Don’t assume that estate sales are always the best way to sell a lot of items at once or that they’re fundamentally the same as auctions. While both tag sales and auctions have the same purpose, the method of sale is different, and more often than not, so are the results. Before reaching out to auctioneers or estate sale experts in Raleigh, North Carolina, read on to find out about the key differences between these two selling methods.

What Is an Estate Sale?

An estate sale is like a garage sale, except that it’s organized by a professional and involves selling a home’s entire contents. Homeowners or inheritors reach out to the sellers, who price each of the items in the house or on the property and take a percentage of the sale’s profits as payment for their services.

The most common reason to hold an estate sale is the passing of a family member. While surviving loved ones mourn, they entrust the sale of the deceased’s possessions to a professional so they don’t have to handle any of the details. Typically, each piece is priced and sold separately, although it’s also possible to bundle items together, and buyers cannot negotiate prices.

Benefits of Tag Sales

Most people choose to hold tag sales because it seems like the easiest option.

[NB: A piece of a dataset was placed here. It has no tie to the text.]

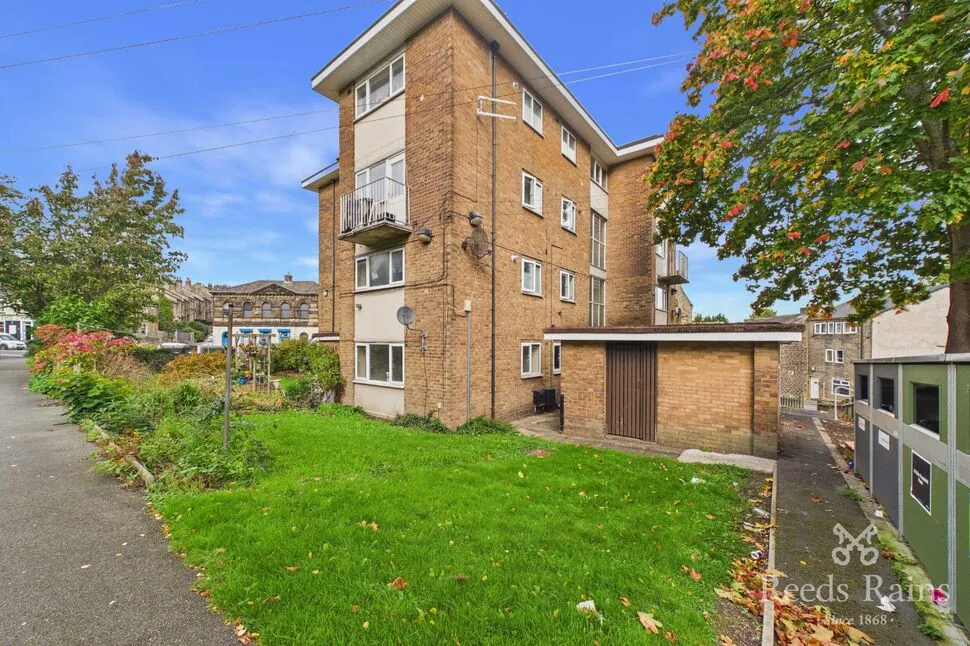 Devonshire Street, Huddersfield, HD1, photo 10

They can entrust the entire process to a professional, and the whole sale will take place over just a few days. Plus, estate sale companies typically pay their clients within two weeks of the sale’s completion, so people can access their money fast.

Drawbacks of Tag Sales

It’s hard to find reputable estate sale companies, so many sellers wind up making less than they should. Some companies price items higher than they are worth so they can route them to consignment shops associated with the business. Others price them too low, so clients miss out on good opportunities to make money. The real problem here is that the field of tag sales is completely unregulated, and there are no industry standards, which makes it difficult to find a reputable facilitator.

What Is an Auction?

Auctions are public events facilitated by auctioneers who sell items to the highest bidder. Instead of pricing goods in advance, these licensed industry professionals allow auction attendees to bid whatever they think the items are worth. This strategy allows for the discovery of the true market value of the items being auctioned.

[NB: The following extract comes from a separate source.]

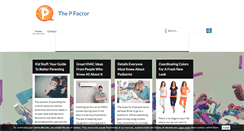 Desktop Screenshot of p-pitos.over-blog.com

Since the true market value of an item is contingent on what people in the crowd are willing to pay, auctioneers double as marketers. They need to draw in the right buyers, set the tone and pace of the event, and instill a sense of excitement and competition that will induce people to place higher bids. Instead of taking a percentage of the sales as payment, auctioneers typically request small commissions from sellers and add buyers’ premiums to every item sold.

Benefits of Auctions

Auctions are a better way to get fair market value for saleable items. Unlike estate sale facilitators, auctioneers are trained and licensed. They also take a lower commission from the seller, which means sellers who choose auctions instead of tag sales usually make more money from the contents of their properties. It’s also possible to pick and choose what will be placed up for sale instead of selling the entire estate.

Drawbacks of Auctions

Auction cycles are longer than estate sales, so while the actual event may only take a day, sellers may not receive payment for several weeks. Selling goods at auction also requires presenting the items to an auctioneer, so it’s considered a more hands-on approach. However, the payoff of getting a better price for items placed for sale generally outweighs these drawbacks.